=== PROBLEM STATEMENT ===
The needed output is the run of lines below from the one containing "Welcome everybody and" through the one containing "Now let's calculate", copied exactly and free of pictures.

=== DATA SHOWN ===

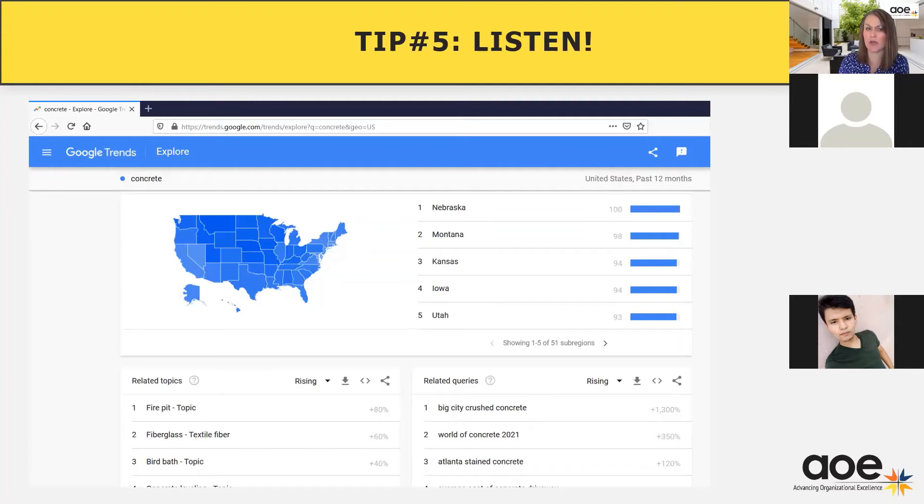This is an example of what Google Trends would look like. I typed in the word 'concrete' and it shows you where people are talking about concrete on the internet, some of the topics that are coming up — fire pit, bird bath, big city crushed concrete, related queries, etc. So it's a fun thing to do to just play in there and see what is trending related to social media.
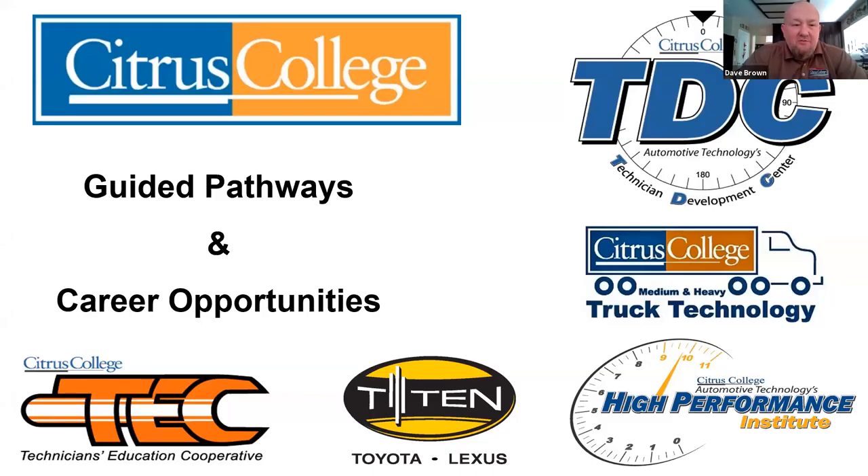Welcome everybody and thank you for joining us here at Citrus College for our virtual open house. Open house is something we have been doing for some years now, and this is our first time doing a virtual open house. We want to tell you about the Automotive Technology and Medium and Heavy Truck Technology Technician Development Center and some of the programs we offer. Thank you for joining us and let's get started.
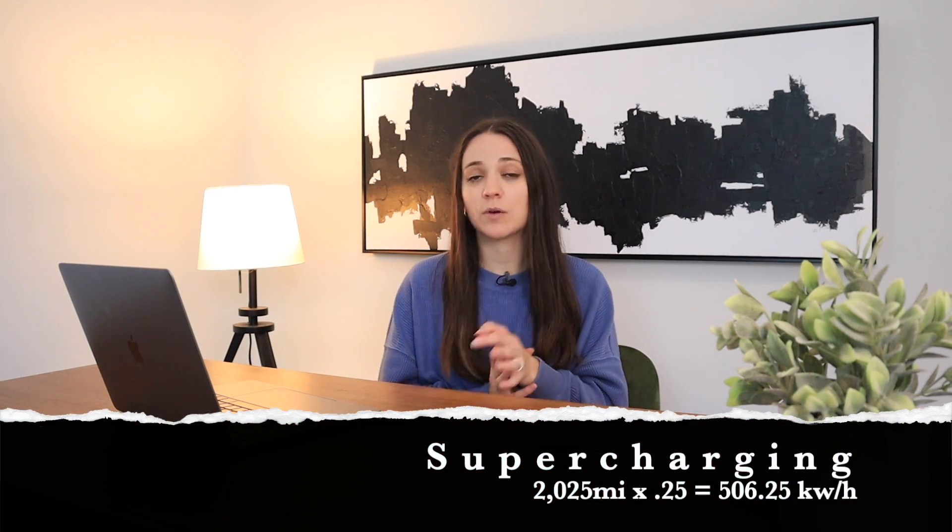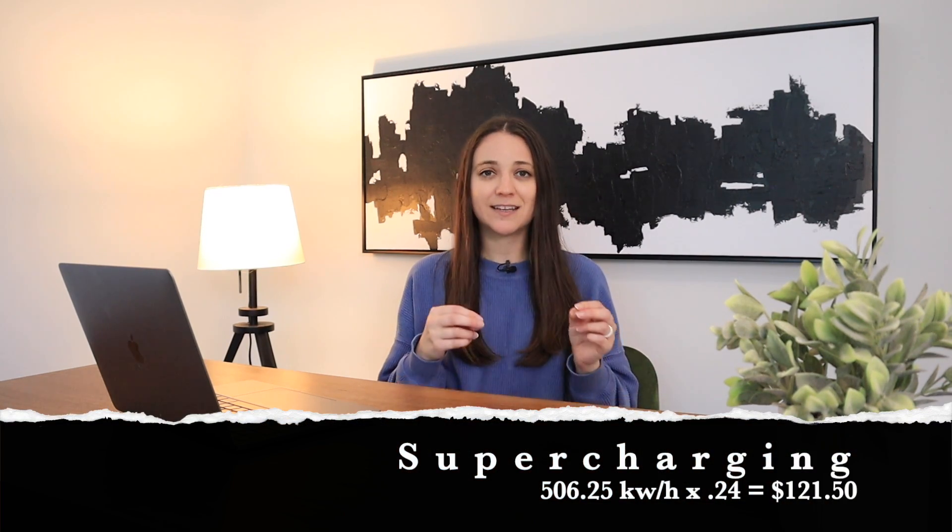Now let's calculate the supercharging cost. I'll calculate this as if I paid for every mile for the purpose of this video. I supercharged 2,025 miles at an average rate of 24 cents per kilowatt hour. The rate of superchargers does fluctuate but hasn't changed much over the last eight months. I take the 2,025 miles and multiply by 0.25 to get the kilowatt hours, giving me 506.25 kilowatt hours, then multiply by $0.24 to get the final cost.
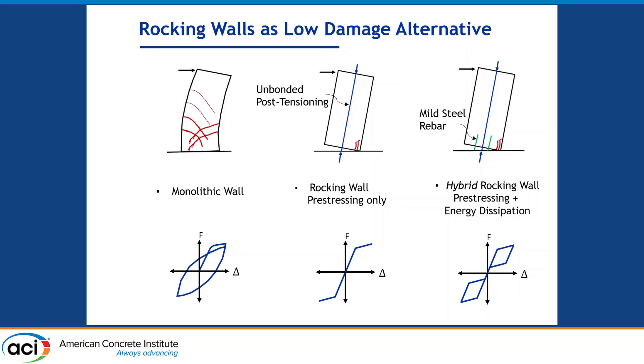One idea is to provide mild steel reinforcement across the foundation-wall interface. These mild steel reinforcements are designed to yield early during lateral loading and dissipate energy through their hysteretic behavior, resulting in a flag-shaped hysteresis loop as shown in the top figure. Because we have a single gap opening at the base of the wall, we avoid damages typically associated with shear-flexure interaction, and there is lower probability of fracture of longitudinal reinforcement. Since we don't have tension-compression cycles in the nonlinear reinforcement, we also reduce the chance of buckling. Most of the damage in rocking walls is concentrated at the rocking corners.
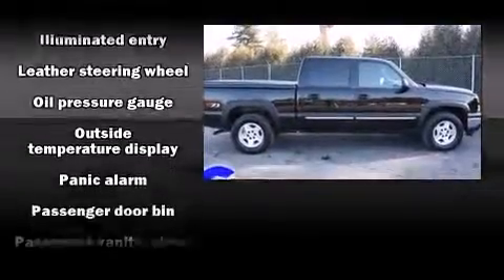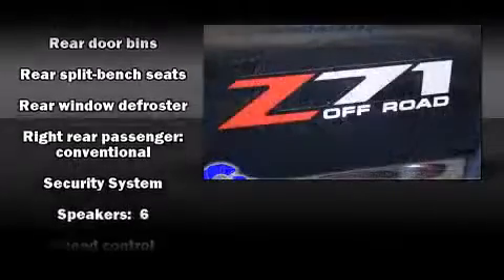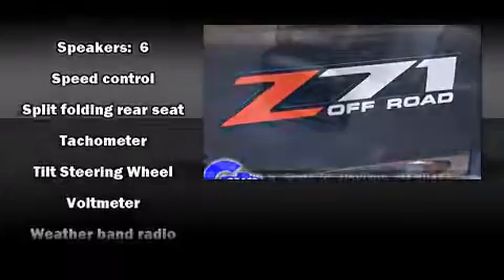Audio features include a CD player with AM-FM radio and six well-positioned speakers. Chevrolet ensures the safety and security of its passengers with equipment such as dual front impact airbags, ignition disabling, and ABS brakes.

=== TASK OUTPUT ===
Welcome everybody and thank you for joining us here at Citrus College for our virtual open house. Open house is something we have been doing for some years now, and this is our first time doing a virtual open house. We want to tell you about the Automotive Technology and Medium and Heavy Truck Technology Technician Development Center and some of the programs we offer. Thank you for joining us and let's get started.
Now let's calculate the supercharging cost. I'll calculate this as if I paid for every mile for the purpose of this video. I supercharged 2,025 miles at an average rate of 24 cents per kilowatt hour. The rate of superchargers does fluctuate but hasn't changed much over the last eight months. I take the 2,025 miles and multiply by 0.25 to get the kilowatt hours, giving me 506.25 kilowatt hours, then multiply by $0.24 to get the final cost.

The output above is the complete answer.